Part 4 of 10
How to Teach in Trump’s America [Bringing up Race, Immigration, Sexuality and everything else in
Higher Ed]
4 ENGAGE POP CULTURE
Where do you
get your news? Do you buy a
newspaper? Do you read magazines?
TV? Are you on your iPad skimming the
articles? Facebook (be honest)? Instagram? Buzzfeed? Twitter? How many of you turn to your textbooks when
you want to learn about up-to-date-real-time advances in your field? Probably none of us. Yet we expect our students to do just
that. With life happening right outside
our classroom we want students to turn all that off for the next hour and fifteen
minutes and learn about something that many of us refuse to link to what is
currently going on. It sounds ridiculous
when you see it explained that way, doesn’t it?
I love to
update my class readings every semester because facts are stranger than
fiction. Headlines rarely disappoint to increase readership so why not allow
those into the classroom? My discipline
is communication so analyzing the rhetoric that was used during the presidential
campaign is a natural link but isn’t that true in English as well? What about a
historical speech analysis that compares and contrasts past speeches with the
Oscars acceptance speeches? That works
for my communication classes but history too right? They are always ways of linking and when we
are passionate about our field those things become more and more obvious. We do it all the time, even when we’re
reviewing a film after just watching it. For instance when my husband and I
watched Arrival he was nerding-out in terms of linguistic anthropology
while I was sure it had been written by a communication scholar.
It’s not hard
to envision how pop culture can be used in our classroom but how easy it is to
have a new supplemental source that it is much more likely to enable students
to see our academic concepts reflected in art and real life.
How many of us
read journal articles regularly? If we
do, how many of us can refer it to a friend?
What if that friend isn’t an academic, can we expect them to read the
article and afterwards have a heated discussion with us? Then why are we teaching our students that is
the only way to go about learning and understanding? Bring in a Buzzfeed article as a
supplemental reading that relates to your chapter and see how much more engaged
your students are. Watch how students
that have never raised their hand before are suddenly interrupting you to add
comments.
Pop culture is
not the enemy, it is the social commentary.

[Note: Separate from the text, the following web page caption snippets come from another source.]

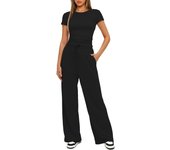 Fashion Classic Skinny Two Piece Outfits Summer Short Sleeve Ruched Tops And Wide Leg Long Pants Tracksuit Matching Set For Lady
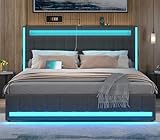 Dnxao Queen Size Bed Frame with LED Lights and Charging Station, Upholstered Platform Bed with Adjustable Headboard, Queen Size Bed with Wooden Support and Footboard, No Box Spring Needed, Dark Grey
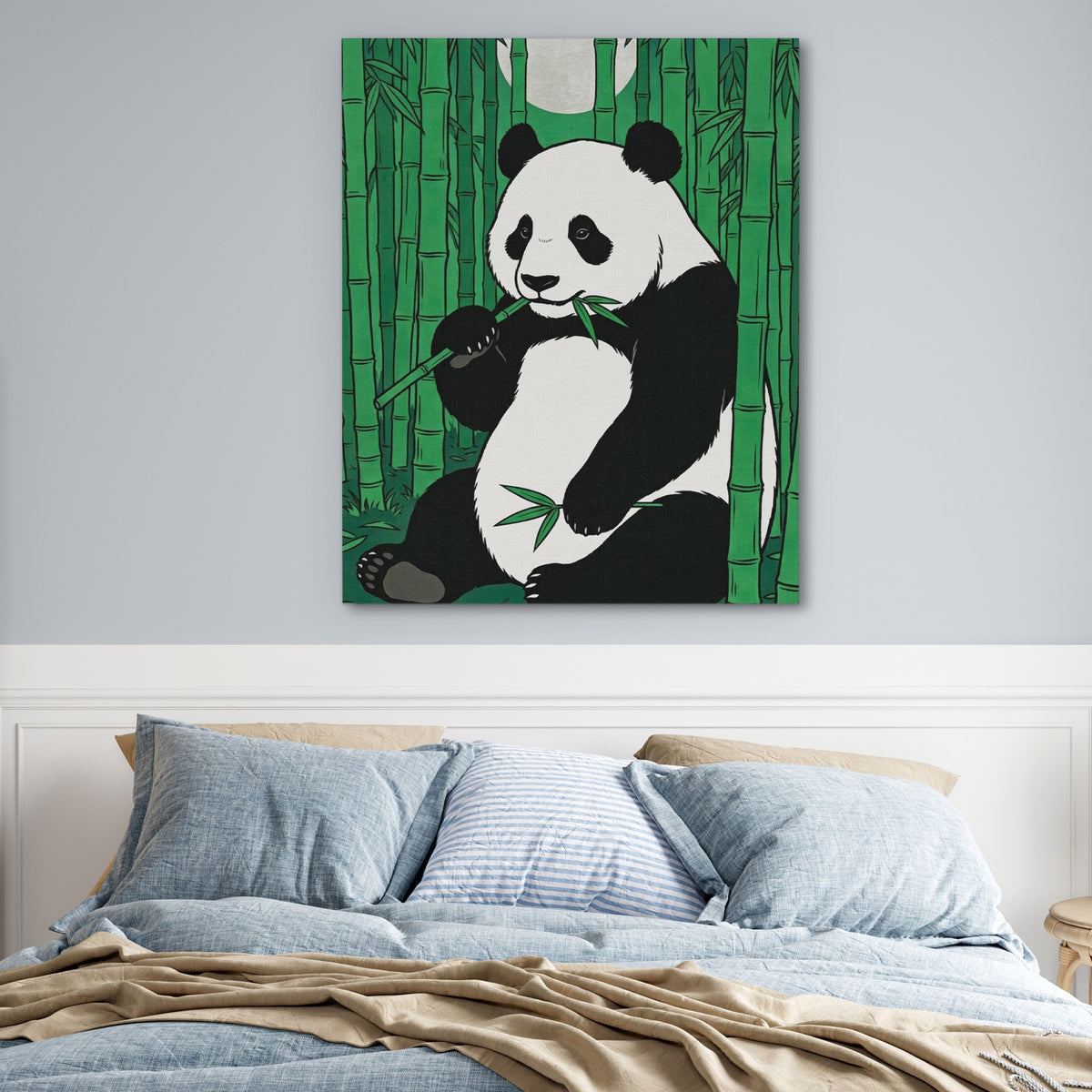 Panda Green Bamboo — Panda Green Bamboo Blue Bedroom 18
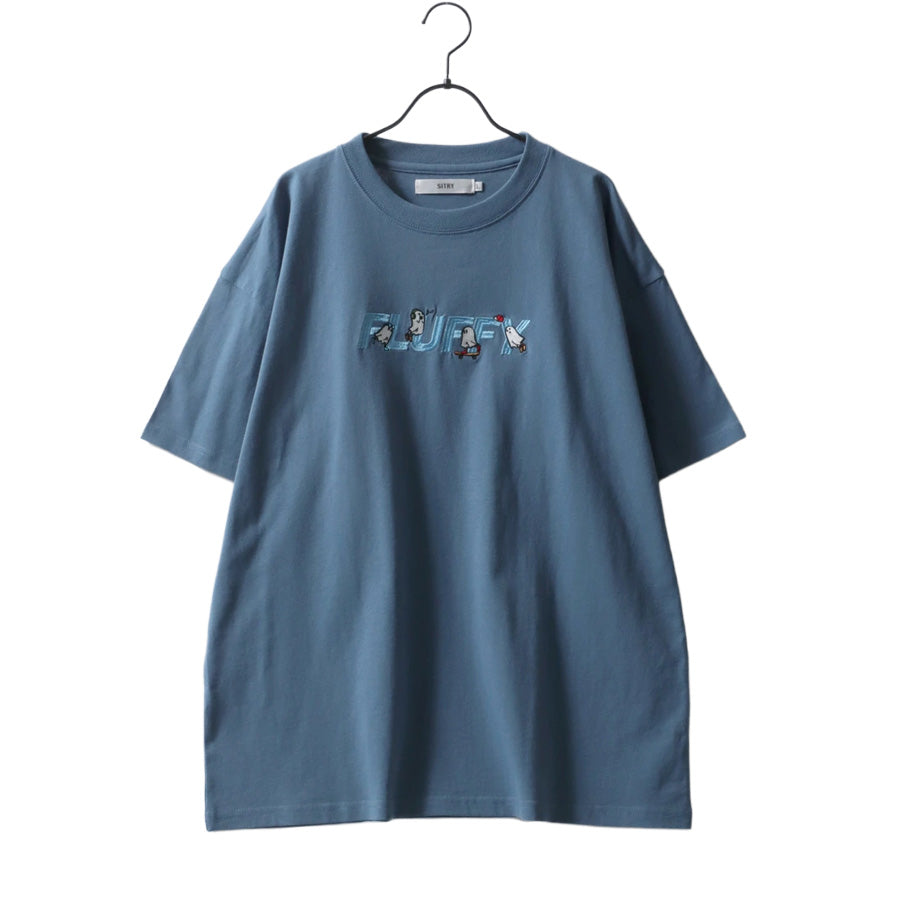 SITRY シトリー Tシャツ 半袖 メンズ レディース ユニセックス 綿100 別注 オーバーサイズ ビッグシルエット ワイドシルエット アニマル ゴースト ワンポイント刺繍 カットソー トップス(0115130027)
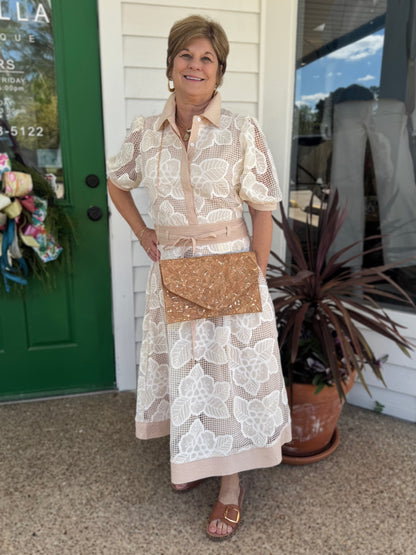 ALMOND FLORAL MESH CROCHET COLLARED SHIRT MIDI DRESS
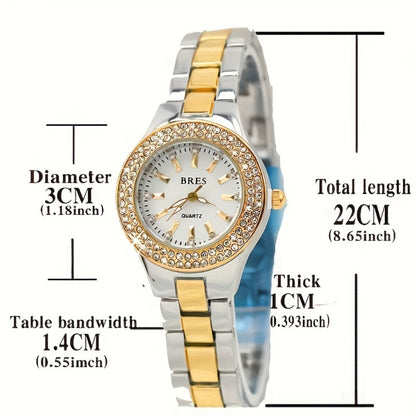 Women's Quartz Watch - Rhinestone Butterfly 's Crystal Diamond Dial, Movement, Steel Button - product detail view 4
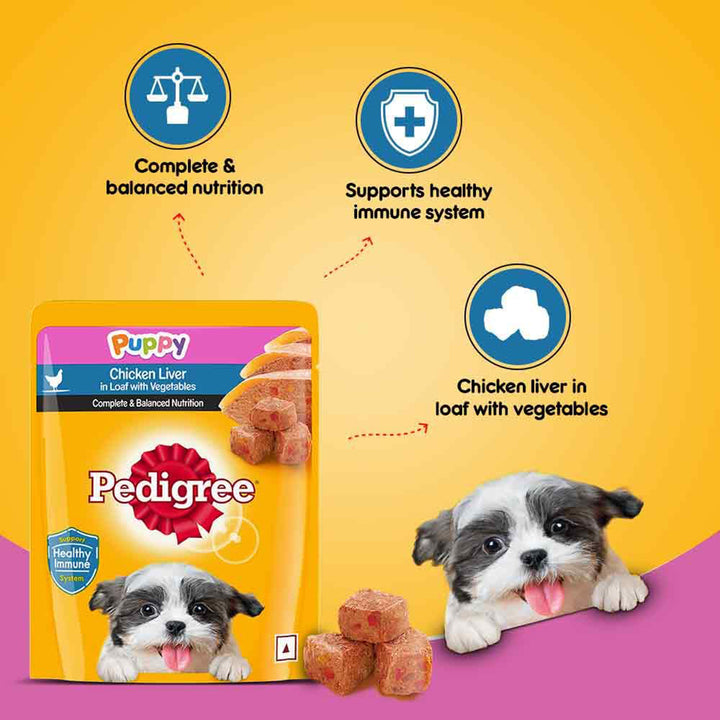 Pedigree Puppy Chicken Liver in Loaf with Vegetables - Wet Dog Food - All Breeds - 70g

When we separate ourselves from that, our lectures and course material
become outdated and useless which makes us very dangerous to our students. I also like pop culture because it allows for
a framework. Most of our students are immersed
in what is going on via a pop culture lens so when you say, let’s talk about
Katy Perry, they are immediately prepared with an opinion. You then use your
course material, let’s say in psychology, and discuss how her recent comments
about Britney Spears highlighted the stigmas that we place on mental health.
Give them a way to understand what is happening in the world around them. Let your students learn from a variety of resources,
allow them to have a diverse educational background so that they are better at
listening, better learners, and more equipped to succeed.